Baltimore area passenger vehicles will pay $3 each way for the Interstate 895 Harbor Tunnel and the Interstate 95 Fort McHenry Tunnel starting in November — up from $2 each way — and $4 beginning in July 2013. Tolls on I-95 between Baltimore and the Delaware state line will rise in November from $5 to $6, then to $8 in July 2013.
Opposition to toll hike
The toll increase, initially proposed in June, drew vocal opposition in some parts of the state, particularly on the Eastern Shore and in Harford and Cecil counties, where motorists said the higher rates would be too expensive for those who use local bridges several times a day for commuting, business and errands. The authority received more than 3,800 public comments, and some of the 10 public hearings across the state were packed.

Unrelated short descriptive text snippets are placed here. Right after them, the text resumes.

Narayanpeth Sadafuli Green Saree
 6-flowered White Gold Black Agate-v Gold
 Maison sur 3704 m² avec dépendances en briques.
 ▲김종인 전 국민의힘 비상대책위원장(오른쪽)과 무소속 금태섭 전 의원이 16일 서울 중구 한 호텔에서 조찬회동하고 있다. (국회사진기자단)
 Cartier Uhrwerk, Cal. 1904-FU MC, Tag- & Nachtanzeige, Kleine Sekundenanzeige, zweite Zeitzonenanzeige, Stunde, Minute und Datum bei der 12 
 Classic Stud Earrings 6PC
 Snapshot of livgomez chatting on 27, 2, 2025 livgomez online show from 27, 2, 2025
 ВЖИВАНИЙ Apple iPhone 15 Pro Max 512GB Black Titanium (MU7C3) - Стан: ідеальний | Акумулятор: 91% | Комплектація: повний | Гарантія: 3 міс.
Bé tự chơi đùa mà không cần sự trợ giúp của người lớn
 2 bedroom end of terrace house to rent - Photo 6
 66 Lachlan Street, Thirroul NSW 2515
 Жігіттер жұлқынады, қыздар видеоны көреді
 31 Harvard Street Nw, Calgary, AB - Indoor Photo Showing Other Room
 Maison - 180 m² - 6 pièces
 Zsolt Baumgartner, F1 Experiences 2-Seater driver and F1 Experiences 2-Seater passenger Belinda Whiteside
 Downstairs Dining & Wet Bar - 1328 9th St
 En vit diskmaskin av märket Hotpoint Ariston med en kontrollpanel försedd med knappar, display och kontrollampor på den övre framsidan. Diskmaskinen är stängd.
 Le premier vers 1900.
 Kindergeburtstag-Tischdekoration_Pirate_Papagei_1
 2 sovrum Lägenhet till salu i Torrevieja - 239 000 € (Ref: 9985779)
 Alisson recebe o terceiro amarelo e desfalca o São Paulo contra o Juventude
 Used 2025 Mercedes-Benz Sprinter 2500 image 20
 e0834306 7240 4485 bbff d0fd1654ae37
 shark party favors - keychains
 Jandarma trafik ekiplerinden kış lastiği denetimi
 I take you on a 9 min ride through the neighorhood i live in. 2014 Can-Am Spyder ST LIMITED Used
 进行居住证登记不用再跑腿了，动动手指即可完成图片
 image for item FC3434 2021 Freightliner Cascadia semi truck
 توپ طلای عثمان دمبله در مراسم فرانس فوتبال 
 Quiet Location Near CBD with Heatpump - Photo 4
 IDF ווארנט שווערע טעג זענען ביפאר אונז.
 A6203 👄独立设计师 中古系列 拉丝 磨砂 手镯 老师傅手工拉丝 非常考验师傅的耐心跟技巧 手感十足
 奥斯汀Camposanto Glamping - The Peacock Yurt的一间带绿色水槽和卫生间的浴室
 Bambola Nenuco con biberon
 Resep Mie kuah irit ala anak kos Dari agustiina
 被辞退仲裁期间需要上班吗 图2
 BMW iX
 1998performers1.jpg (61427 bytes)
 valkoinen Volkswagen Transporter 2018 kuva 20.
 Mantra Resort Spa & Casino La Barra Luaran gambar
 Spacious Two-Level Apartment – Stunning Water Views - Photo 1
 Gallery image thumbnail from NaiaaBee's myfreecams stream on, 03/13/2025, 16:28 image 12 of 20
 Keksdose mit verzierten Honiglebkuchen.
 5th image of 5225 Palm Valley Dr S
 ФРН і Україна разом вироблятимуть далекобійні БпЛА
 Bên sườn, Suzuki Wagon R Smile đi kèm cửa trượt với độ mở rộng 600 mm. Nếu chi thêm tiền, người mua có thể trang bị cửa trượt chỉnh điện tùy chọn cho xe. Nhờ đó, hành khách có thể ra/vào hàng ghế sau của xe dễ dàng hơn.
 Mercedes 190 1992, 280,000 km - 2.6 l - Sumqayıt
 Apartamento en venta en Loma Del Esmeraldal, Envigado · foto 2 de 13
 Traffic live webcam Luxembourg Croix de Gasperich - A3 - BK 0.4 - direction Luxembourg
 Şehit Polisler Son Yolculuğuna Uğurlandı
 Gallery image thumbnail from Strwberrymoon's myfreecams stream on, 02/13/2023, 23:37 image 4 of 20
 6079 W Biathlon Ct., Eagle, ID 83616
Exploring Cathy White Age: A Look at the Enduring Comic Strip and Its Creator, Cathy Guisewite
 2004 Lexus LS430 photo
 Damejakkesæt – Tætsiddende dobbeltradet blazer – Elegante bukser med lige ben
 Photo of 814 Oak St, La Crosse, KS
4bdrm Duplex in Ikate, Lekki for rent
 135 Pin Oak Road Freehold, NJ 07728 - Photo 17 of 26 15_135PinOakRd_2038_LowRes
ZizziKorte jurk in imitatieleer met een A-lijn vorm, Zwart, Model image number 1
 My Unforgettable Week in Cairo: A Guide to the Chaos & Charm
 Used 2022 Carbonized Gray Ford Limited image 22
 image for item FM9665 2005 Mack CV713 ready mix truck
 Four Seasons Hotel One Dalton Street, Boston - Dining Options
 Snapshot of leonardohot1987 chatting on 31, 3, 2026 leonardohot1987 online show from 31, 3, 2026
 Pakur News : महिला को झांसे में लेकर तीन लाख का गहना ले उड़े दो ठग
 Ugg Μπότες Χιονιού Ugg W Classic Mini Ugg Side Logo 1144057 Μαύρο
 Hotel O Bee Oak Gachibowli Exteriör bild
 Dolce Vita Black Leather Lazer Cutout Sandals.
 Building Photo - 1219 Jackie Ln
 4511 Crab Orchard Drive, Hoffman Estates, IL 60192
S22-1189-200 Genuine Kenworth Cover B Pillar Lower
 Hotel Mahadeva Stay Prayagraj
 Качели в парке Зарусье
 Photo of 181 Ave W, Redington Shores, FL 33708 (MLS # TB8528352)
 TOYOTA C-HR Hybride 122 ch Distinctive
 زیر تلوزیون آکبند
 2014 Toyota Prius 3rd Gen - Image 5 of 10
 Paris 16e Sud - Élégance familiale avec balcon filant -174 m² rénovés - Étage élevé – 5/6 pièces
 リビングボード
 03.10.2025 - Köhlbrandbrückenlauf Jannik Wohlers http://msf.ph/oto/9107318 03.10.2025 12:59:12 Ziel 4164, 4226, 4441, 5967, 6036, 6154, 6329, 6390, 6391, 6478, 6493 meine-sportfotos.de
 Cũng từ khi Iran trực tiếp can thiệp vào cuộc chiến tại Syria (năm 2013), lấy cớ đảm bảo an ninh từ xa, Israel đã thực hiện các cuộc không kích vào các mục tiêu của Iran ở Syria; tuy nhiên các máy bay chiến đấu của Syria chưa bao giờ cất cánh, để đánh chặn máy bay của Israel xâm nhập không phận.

Swaim-Staley said the reaction prompted the board to scale back the proposed increases for passenger vehicles on the Bay Bridge, the Nice Bridge and some others. Board members said they also waived the monthly $1.50 account fee for E-ZPass users who have traveled on three or more toll facilities in the previous month and increased the commuter discount rate from 70 percent to 75 percent.
But state Sen. E.J. Pipkin (R-Queen Anne’s) said the authority had effectively passed a tax increase.
“Shame, shame, shame,” Pipkin told reporters after the vote. “All the governor and the secretary and this board did here today was kill jobs.”
Pipkin said some of his Eastern Shore constituents would pay hundreds more in commuting costs.
“We saw [at public hearings] working-class citizens saying these toll increases would really impact families when the economy is at its worst,” Pipkin said.
Impact on truckers
Commercial truckers, including many who rely on Baltimore area tunnels to retrieve shipping containers from the port, also will be hit hard, said Louis Campion, president of the Maryland Motor Truck Association. A tractor-trailer that now pays $12 each way to use the Fort McHenry Tunnel will pay $18 each way beginning in January and $24 each way as of July 2013.
The additional $12 daily that a truck driver making a round trip from the port will pay in tolls beginning in January will amount to $3,000 annually. That extra cost multiplied by 10 for a small trucking company amounts to almost the annual salary of one driver, Campion said. While consumers will end up paying higher costs long term, he said, trucking companies that can’t renegotiate shipping contracts in a tight economy will have to absorb the costs for now.
Campion said this will be the fourth toll hike in Maryland to affect truckers since 2001, while commuter toll rates have held steady and remained “artificially low” on some bridges and roads for 25 years.
“Our industry has been paying its fair share,” Campion said.